Thursday, May 19, 2011

Look Before You Leap Into Commodities

By Christine Benz

With the threat of inflation looming large, many investors have been thinking about adding commodities to their inflation-fighting toolkits, particularly as commodity-tracking investments have become more widely available in recent years. The basic case for these investments is pretty intuitive: If prices for stuff trend up, the commodities fund or exchange-traded fund gives you a chance to participate in those gains. Those gains, in turn, partially offset the dent you put in your wallet as you shell out ever-higher amounts for food, gas, and so on.

There's also a body of research showing that, in addition to their inflation-fighting abilities, commodities can improve a portfolio's risk/reward characteristics because of their historically low correlations with the stock and bond markets.

Most strategic asset-allocation frameworks that include commodities don't use huge slugs of them. That's in acknowledgment of the fact that commodities as stand-alone investments can be terribly volatile, buffeted by the cyclicality of real demand for commodities as well as, increasingly, speculation.

There's also the not-insignificant issue that unless you're prepared to take physical delivery of some ears of corn or barrels of oil, most available commodities investments are an imprecise measure of actual commodities prices.

But even if retirees accept the idea that they need to keep their commodities investments to a small part of a diversified portfolio, and that funds investing in commodity futures won't track actual prices with any sort of precision, I still worry about implementation. I also think there's a troublesome mismatch with the investment itself and the problem it's aiming to solve (inflation), particularly for retirees whose time horizons may be shorter than a couple of decades.

We could talk all day about what inflation is apt to be like during the coming decades, with some arguing for sky-high inflation because of demand from emerging markets.

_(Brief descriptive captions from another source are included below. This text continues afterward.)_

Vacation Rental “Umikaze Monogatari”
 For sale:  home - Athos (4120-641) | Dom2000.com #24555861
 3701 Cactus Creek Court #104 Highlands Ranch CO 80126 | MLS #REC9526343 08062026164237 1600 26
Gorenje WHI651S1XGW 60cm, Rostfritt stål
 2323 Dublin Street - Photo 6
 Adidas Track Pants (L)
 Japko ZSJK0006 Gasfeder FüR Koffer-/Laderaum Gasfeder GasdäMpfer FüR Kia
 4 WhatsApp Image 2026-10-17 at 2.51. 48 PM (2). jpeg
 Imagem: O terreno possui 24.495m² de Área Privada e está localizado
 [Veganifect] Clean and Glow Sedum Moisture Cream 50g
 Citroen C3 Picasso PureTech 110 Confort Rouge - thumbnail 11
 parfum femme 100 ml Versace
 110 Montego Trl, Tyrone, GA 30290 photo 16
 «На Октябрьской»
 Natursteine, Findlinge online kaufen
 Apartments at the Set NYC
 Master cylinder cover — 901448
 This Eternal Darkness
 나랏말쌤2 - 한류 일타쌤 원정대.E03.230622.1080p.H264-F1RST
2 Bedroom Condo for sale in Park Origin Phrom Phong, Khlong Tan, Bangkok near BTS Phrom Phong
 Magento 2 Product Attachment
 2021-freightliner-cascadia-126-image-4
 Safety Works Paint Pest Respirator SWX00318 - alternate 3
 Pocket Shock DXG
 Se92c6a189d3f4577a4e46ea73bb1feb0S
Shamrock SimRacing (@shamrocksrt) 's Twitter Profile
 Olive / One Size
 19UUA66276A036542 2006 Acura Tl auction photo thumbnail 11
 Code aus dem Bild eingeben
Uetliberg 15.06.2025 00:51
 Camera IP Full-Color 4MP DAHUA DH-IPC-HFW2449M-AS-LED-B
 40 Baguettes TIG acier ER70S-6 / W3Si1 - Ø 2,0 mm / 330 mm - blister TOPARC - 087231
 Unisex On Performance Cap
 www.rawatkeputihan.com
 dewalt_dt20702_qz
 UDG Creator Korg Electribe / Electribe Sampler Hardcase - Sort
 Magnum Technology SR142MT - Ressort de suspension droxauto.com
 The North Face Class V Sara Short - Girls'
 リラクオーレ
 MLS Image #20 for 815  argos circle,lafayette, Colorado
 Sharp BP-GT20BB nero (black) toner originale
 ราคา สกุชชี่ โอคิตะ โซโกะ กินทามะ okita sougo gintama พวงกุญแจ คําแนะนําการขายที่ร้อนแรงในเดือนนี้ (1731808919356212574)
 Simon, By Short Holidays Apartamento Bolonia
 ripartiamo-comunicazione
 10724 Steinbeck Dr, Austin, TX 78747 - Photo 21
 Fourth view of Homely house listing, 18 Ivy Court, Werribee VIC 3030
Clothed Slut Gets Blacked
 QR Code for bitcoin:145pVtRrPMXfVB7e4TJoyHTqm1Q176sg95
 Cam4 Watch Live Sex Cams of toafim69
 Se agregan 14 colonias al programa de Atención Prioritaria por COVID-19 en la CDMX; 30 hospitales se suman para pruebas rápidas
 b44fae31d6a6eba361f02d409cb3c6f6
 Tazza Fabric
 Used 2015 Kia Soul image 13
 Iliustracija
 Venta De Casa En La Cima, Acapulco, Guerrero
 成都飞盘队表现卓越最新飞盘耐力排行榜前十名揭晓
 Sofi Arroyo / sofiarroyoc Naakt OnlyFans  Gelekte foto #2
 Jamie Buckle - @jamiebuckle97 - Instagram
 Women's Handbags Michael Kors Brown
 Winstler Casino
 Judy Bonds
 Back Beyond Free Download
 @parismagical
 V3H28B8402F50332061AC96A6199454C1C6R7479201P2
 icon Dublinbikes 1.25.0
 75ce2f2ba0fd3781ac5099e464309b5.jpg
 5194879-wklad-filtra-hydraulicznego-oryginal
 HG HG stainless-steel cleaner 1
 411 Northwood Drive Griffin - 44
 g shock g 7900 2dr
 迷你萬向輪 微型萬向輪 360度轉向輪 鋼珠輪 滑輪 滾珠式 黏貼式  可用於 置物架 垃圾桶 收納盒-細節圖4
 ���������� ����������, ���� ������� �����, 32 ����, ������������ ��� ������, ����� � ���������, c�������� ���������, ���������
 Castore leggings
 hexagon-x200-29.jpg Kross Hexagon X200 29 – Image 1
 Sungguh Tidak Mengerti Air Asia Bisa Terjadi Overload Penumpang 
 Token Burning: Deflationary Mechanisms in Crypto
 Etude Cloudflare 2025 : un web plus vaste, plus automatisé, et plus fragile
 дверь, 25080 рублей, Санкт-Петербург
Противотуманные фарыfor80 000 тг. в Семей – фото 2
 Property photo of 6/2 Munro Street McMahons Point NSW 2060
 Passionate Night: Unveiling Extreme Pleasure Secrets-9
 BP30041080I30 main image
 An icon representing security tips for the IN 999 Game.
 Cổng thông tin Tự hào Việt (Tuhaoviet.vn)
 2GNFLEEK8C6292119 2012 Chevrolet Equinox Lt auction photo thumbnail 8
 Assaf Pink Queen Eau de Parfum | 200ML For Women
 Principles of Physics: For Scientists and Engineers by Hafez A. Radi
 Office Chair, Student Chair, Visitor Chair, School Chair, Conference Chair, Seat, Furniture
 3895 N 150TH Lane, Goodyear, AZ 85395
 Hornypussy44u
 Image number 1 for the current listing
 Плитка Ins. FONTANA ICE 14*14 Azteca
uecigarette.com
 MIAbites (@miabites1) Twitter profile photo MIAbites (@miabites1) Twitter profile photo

But historically, inflation has charted a slow but steady course, ranging from 0% (2009) to more than 5% (1990) during the past few decades, as measured by the Consumer Price Index.

But say you had the misfortune of buying a commodities investment at the wrong time, as many investors did when they glommed onto commodities funds in 2007 and the first half of 2008. You could lose 50% or more of your money right out of the box.

And if your time horizon was only 10 or 20 years, as is the case with many retirees, you may not have a realistic expectation of recouping what you'd lost during your lifetime, let alone obtaining any future inflation protection on a year-to-year basis. There's also the not-insignificant possibility that you'd be so spooked by your losses that you'd sell your commodities investment at the bottom, thereby ruling out your participation in a rebound.

For all of these reasons, I have a hard time getting excited about commodities investments in retiree portfolios, particularly in the wake of the generally strong performance these investments have enjoyed during the past year. If you're speculating on commodities or gold with money you can afford to lose, that's different. (Not advisable, but different!) But if you're a retiree thinking about commodities as a long-term hedge against inflation, go slowly, if you go at all.